■ TASK ■
Provide only the number of lines in the data below that contain the word "Sleeve".

■ DATA ■
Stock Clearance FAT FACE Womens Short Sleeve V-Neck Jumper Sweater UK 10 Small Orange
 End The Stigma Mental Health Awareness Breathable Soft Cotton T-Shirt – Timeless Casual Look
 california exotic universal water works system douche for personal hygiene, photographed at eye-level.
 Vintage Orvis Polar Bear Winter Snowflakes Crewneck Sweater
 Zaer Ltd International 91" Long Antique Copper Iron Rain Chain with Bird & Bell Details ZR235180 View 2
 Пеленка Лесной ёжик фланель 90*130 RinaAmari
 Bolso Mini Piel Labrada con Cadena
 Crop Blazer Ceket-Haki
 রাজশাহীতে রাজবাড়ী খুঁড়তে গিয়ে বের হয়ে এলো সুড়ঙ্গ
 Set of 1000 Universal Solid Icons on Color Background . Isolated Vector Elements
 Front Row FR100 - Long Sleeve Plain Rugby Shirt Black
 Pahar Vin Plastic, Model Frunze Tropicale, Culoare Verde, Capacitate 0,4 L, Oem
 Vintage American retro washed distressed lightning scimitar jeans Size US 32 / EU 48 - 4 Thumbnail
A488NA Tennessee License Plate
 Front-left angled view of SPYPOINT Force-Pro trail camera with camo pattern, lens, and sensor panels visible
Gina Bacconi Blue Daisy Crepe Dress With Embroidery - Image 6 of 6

■ EXERCISE RESPONSE ■
2